Это их точка зрения. У меня немного иная. Жизнь сейчас стала очень рациональная. У всех работа, повседневная суета. А фотография - это отдушина. Если человек может писать, он пишет. Почему стало так много писателей-женщин? И ведь пишут детективы, жесткие, страшные. Для них это единственная возможность ухода от реальной жизни. Женщина очень много фантазирует. Вроде муж, дети есть, и все хорошо. Но ей нужен другой мир, параллельный. Где она живет как хочет, без мытья посуды и склок. Если бы мои ученики могли хорошо писать или статуэтки лепить, они бы ко мне не пришли.

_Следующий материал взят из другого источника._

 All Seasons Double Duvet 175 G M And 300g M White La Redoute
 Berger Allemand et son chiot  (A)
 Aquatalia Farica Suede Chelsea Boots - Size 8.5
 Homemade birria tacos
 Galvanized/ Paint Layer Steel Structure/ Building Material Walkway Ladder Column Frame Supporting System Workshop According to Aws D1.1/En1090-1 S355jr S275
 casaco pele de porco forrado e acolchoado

- То есть у женщин два выхода: или Флобер, или фотография?
- Здесь даже круче, чем у госпожи Бовари. Женщина полностью уходит в другую жизнь и там фантазирует как может. Это не значит, что ей плохо в реальности. Но жизнь для них становится красивой, если существует другое измерение. Иные женщины так уходят в фотографию, что не дай вам бог. Такие картинки выламывают...

- Кричите на учениц?
- Всякое бывает. Я же не миротворец. Кричу, иногда бросаю фотографии на пол с возгласами: это полная чушь! Но надо терпеть. Мы же советские люди. Мы обожаем создавать себе сложные обстоятельства, а потом с криками “ура!” вырываться из них. Нам это дарит упоение. И когда я кричу, возникает некая сила, которую нужно победить. Они побеждают.
Кстати, на днях была съемка. Я сказал женщине, что она полная дура и не так снимает и “чему я только тебя учил?!”. Мне казалось, что она делает все слишком просто, не выкладывается. Но когда вышла фотография... я извинился.

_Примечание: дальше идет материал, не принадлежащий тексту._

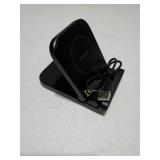 Wireless Charger for Samsung Z Flip 7, SwanScout 501S, Foldable Fast Wireless Charging Stand for Galaxy Z Flip 7/6/5/4/3, Charging Station for Samsung Z Flip Series/Razr+(No Adapter) (Black) - Retail: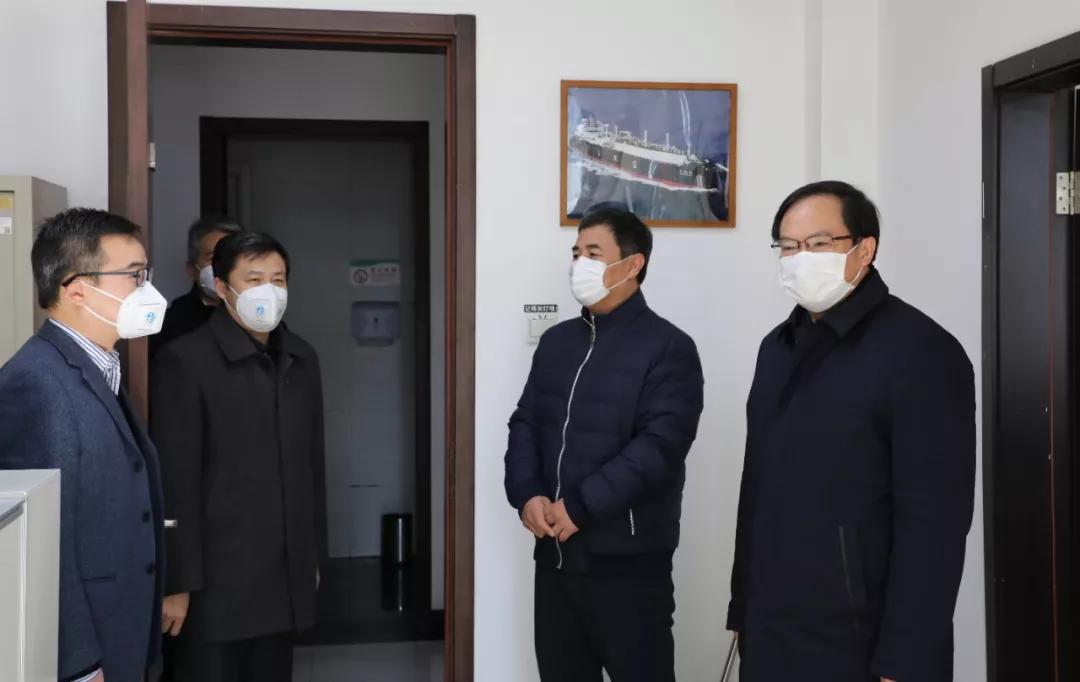 楊金成到長城電子、綜合院檢查指導疫情防控和復工復產工作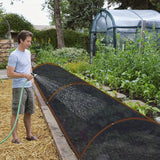 Wholesale Custom Black 75% Sunshade PE Poultry Farm Sidewall Curtain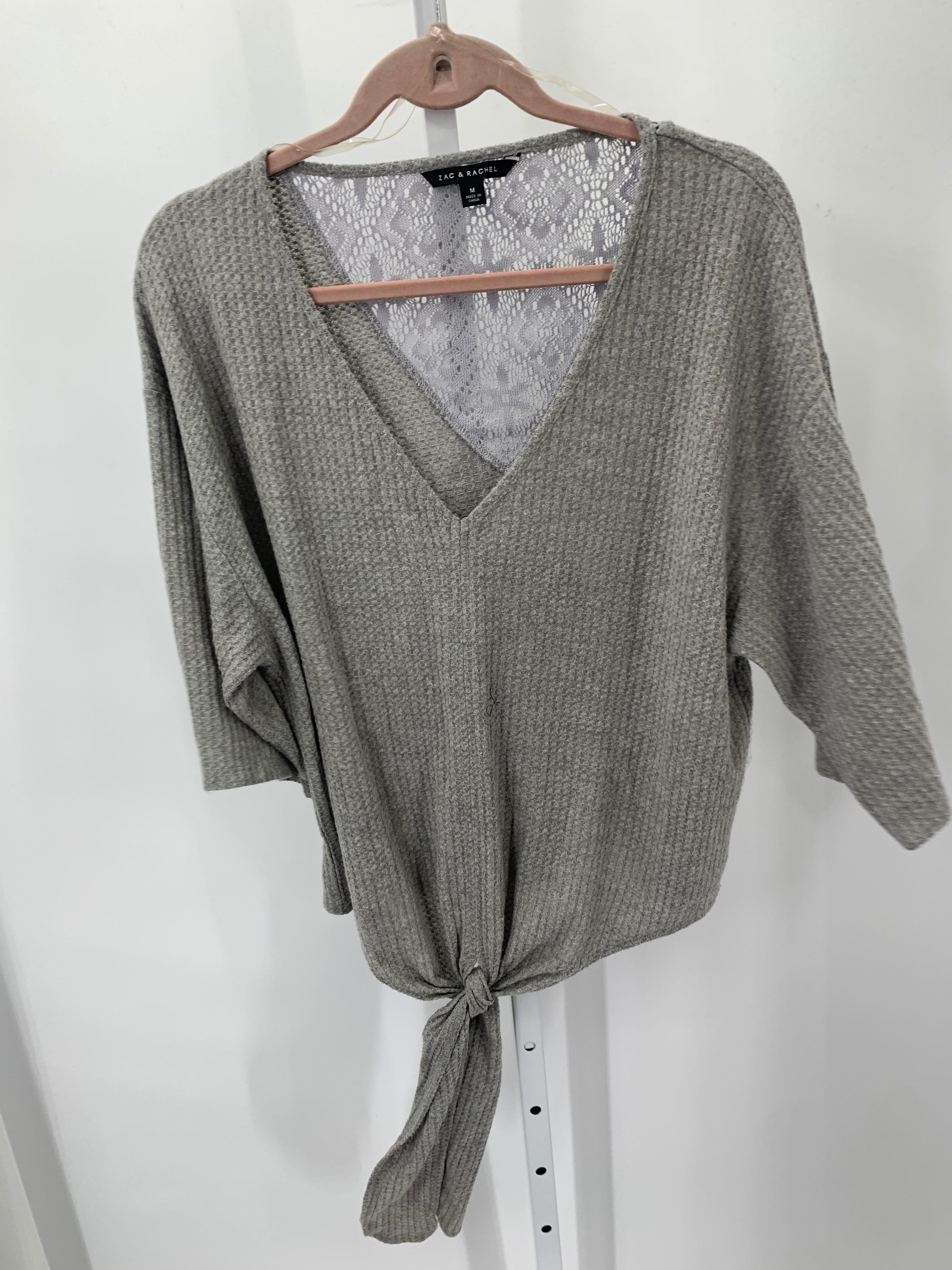 Zac & Rachel Size Medium Misses 3/4 Sleeve Shirt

- Вы работаете с группой, но не проводите индивидуальные занятия. Почему?
- Потому что я даже представить себе такое не могу. Научить фотографии невозможно. Можно научиться. Поэтому человек должен контактировать с другими, общаться. Должна присутствовать соревновательность. Среда должна быть. Пушкин не мог вырасти, если бы не лицей. Рядом были Пущин, Кюхельбекер. Почва - она всегда выталкивает.

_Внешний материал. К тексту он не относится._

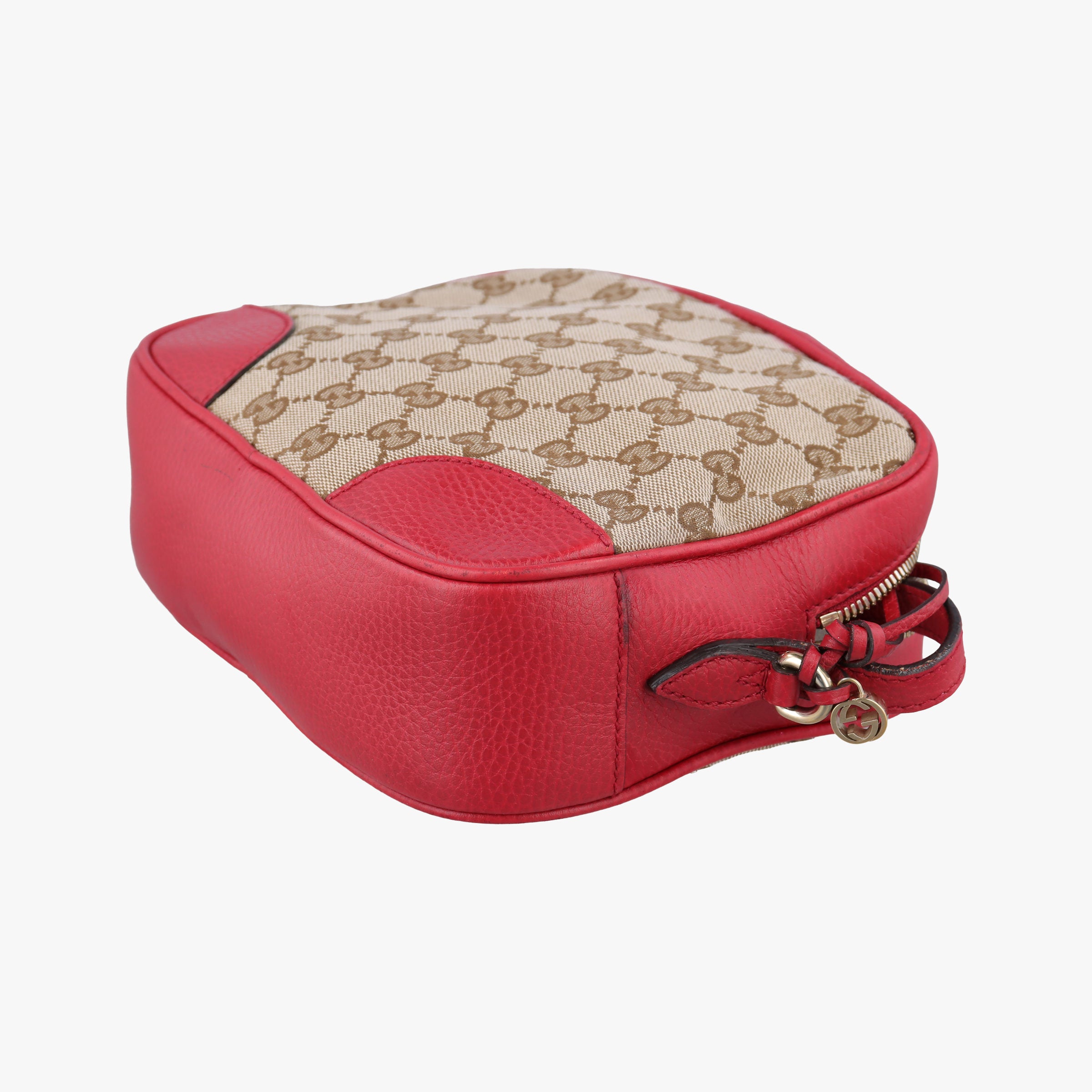 Vintage Gucci Bree Microguccissima Beige x red Canvas×Leather 449413 shoulderbag | stylenewstar
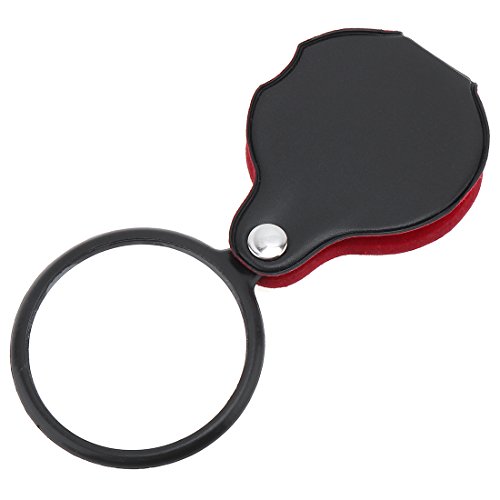 Origlam Verre optique 8 x Mini loupe de poche, loupe avec Corticale Housse de protection pour bureau/lecture/loisirs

- Леонид Тимофеевич, вы автор кучи документальных фильмов, сценарий одного из которых в советское время даже “скоммуниздил” Сергей АЗИМОВ. Что скажете о нынешней документалистике?
- Документальное кино, хотим мы того или нет, - дело государства. Раньше документалистика лежала в области пропаганды, и у нас никак не могут перевести ее в культурную плоскость. Мы не представляем себе, как можно снимать по-другому.

А снимать надо. При Ленине снимали в голодное время. Когда в войну наши войска отступали - снимали. Сталин слышать не мог слова “отступление”, но снимали же! Потому что люди знали, что история необходима, это правда. А сейчас что? Возьмите наши ленты с 1990 года. Президент приехал, президент поздравил, президент открыл. Вся страна вокруг президента. А ведь у нас произошли перемены глобального масштаба! Из феодального устройства мы прыгнули в социализм, потом в капитализм. Что же с людьми произошло в этом котле? Может быть, еще тысячу лет подобных перемен не будет.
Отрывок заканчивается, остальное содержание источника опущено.